- [Problem statement]:
Restate the data below word for word. Leave the images out.

■ ■ ■

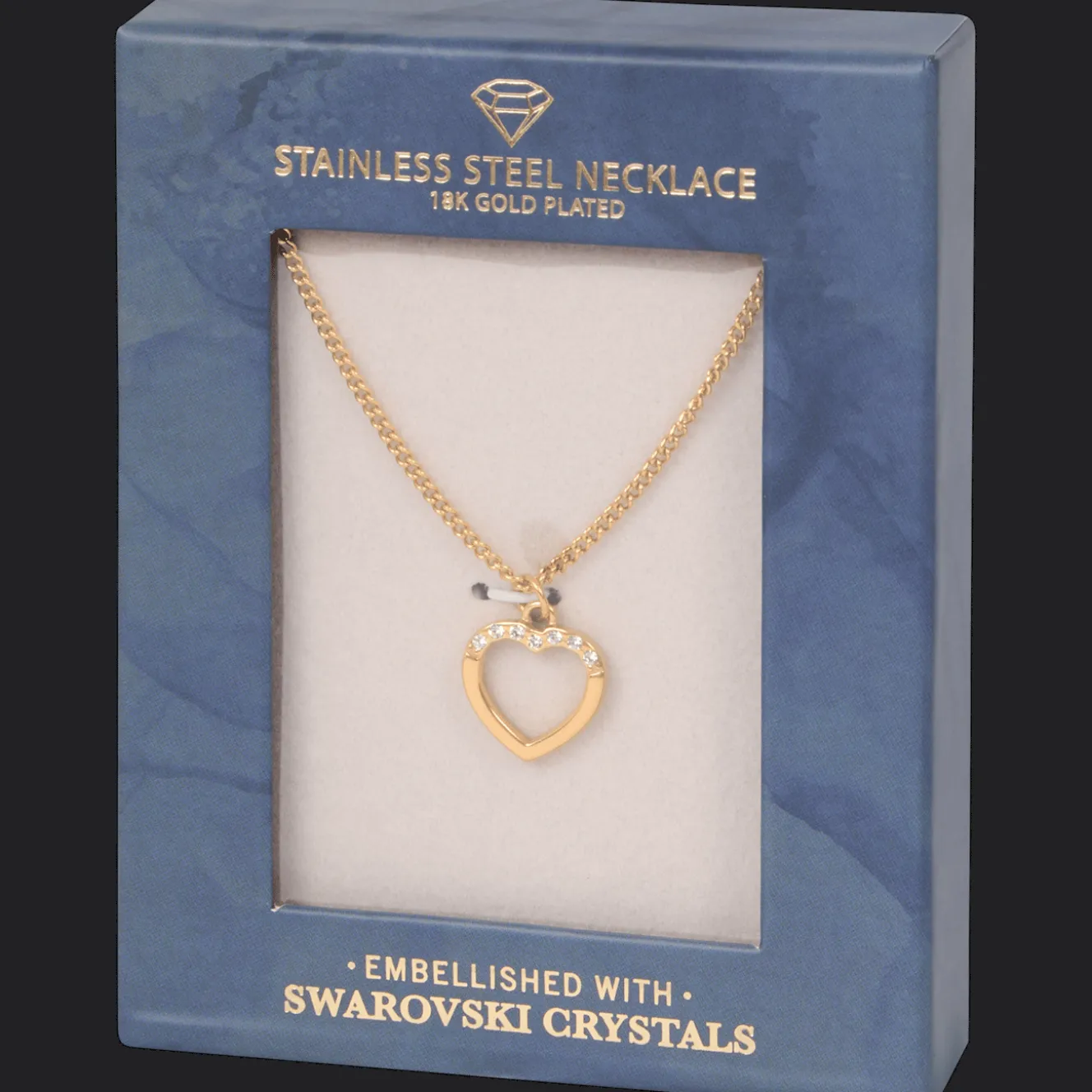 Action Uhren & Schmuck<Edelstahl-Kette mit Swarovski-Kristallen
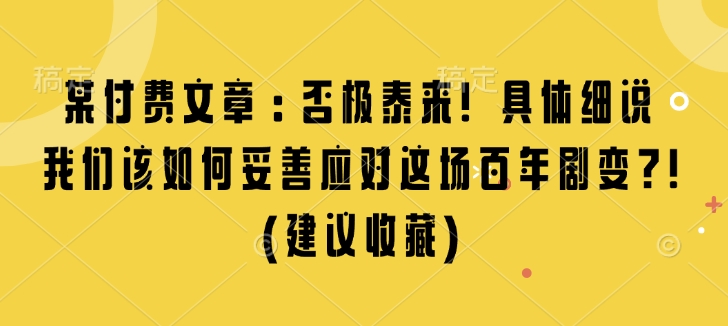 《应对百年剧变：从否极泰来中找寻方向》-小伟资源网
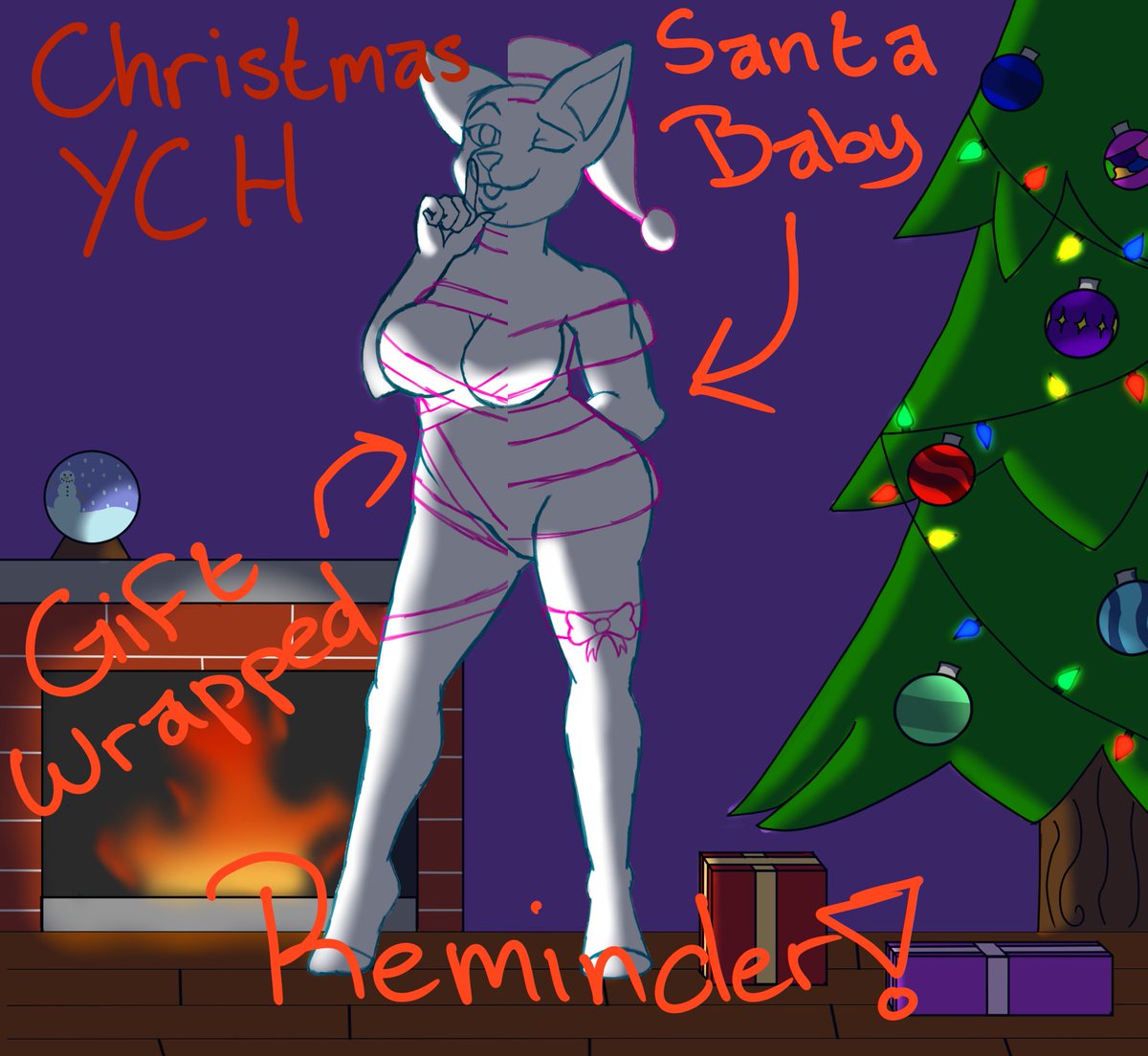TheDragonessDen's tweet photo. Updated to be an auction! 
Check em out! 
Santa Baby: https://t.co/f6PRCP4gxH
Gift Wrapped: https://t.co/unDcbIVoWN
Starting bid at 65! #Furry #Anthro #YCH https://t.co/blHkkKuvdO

■ ■ ■

- [Answer area]:
 Action Uhren & Schmuck<Edelstahl-Kette mit Swarovski-Kristallen
 《应对百年剧变：从否极泰来中找寻方向》-小伟资源网
TheDragonessDen's tweet photo. Updated to be an auction! 
Check em out! 
Santa Baby: https://t.co/f6PRCP4gxH
Gift Wrapped: https://t.co/unDcbIVoWN
Starting bid at 65! #Furry #Anthro #YCH https://t.co/blHkkKuvdO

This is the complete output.